October 18, 2017 @ 7:30 pm

A Talk by Ian Caskie from the SS Great BritainTrust

Brunel’s SS Great Britain is one of the most important historic ships in the world.
When she was launched in 1843, she was called ‘the greatest experiment since the Creation’.

No one had ever designed so vast a ship, nor had the vision to build it of iron. Brunel fitted her with a 1000 hp steam engine, the most powerful yet used at sea. Perhaps most daring of all, Brunel rejected using conventional paddle wheels to drive his ship. Instead, he gave the SS Great Britain a screw propeller. This was the newest invention in maritime technology. By seeing how to combine these key innovations, Brunel created a ship that changed history.

In 1886, storms off Cape Horn badly damaged the SS Great Britain and forced her Capitan, Henry Stap, to seek shelter in the Falkland Islands, the first port of refuge. The ship’s owners decided the cost of repairs was far too high and eventually, their insurers sold the SS Great Britain to the Falkland Islands Company.

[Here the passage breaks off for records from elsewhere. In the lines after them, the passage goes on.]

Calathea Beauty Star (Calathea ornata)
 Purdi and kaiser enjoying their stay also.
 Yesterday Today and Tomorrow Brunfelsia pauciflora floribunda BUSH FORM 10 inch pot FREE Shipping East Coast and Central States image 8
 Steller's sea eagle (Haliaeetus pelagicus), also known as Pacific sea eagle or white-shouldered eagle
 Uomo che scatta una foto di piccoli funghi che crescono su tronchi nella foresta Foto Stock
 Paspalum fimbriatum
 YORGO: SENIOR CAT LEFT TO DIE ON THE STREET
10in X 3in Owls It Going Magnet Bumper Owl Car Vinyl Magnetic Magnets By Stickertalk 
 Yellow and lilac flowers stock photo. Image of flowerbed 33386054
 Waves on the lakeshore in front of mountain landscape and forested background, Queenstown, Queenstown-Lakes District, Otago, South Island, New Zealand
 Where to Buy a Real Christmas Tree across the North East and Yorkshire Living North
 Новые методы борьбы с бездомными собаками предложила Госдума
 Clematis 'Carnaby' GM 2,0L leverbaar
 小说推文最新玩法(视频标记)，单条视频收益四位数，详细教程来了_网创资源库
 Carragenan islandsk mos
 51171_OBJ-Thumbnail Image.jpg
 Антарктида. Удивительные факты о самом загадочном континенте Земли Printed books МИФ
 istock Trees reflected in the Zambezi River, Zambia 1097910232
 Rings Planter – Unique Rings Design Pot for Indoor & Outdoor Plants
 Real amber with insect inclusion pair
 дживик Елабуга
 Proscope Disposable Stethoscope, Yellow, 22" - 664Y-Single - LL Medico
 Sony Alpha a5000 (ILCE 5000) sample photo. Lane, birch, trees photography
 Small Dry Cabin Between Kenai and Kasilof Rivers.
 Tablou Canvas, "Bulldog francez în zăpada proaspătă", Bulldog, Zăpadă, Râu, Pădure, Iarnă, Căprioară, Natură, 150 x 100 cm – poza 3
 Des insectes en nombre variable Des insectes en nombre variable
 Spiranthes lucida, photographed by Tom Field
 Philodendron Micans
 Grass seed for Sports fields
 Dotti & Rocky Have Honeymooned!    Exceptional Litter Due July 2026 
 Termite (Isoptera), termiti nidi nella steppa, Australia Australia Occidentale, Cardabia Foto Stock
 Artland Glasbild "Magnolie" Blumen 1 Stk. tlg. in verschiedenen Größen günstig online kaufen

Despite ferocious gales, an expert salvage team managed to refloat the SS Great Britain on 13th April 1970. The SS Great Britain crossed the Atlantic sitting on a huge floating pontoon pulled by tugs. This amazing salvage brought her 8,000 miles home to her birth place in Bristol.

The Speaker: Ian Caskie
Ian was born and raised on Merseyside, where he spent many an hour watching the arrivals and departures at Liverpool’s busy Pier Head in the 1950’s and 60’s. This led to his lifelong passion for ships – especially ocean liners. He was a Primary Head Teacher and School Improvement Adviser in Bristol for many years, and has been a Visitor Services volunteer with the SS Great Britain Trust since 2007.

Ian’s enthusiasm for his subject is clearly evidenced in his illustrated talk which tells the ship’s remarkable story from her original design through the different phases of her working life. It also describes her incredible salvage and return to Bristol in 1970, and finally her restoration, preservation and ‘re-launch’ as a multi-award-winning museum of international renown.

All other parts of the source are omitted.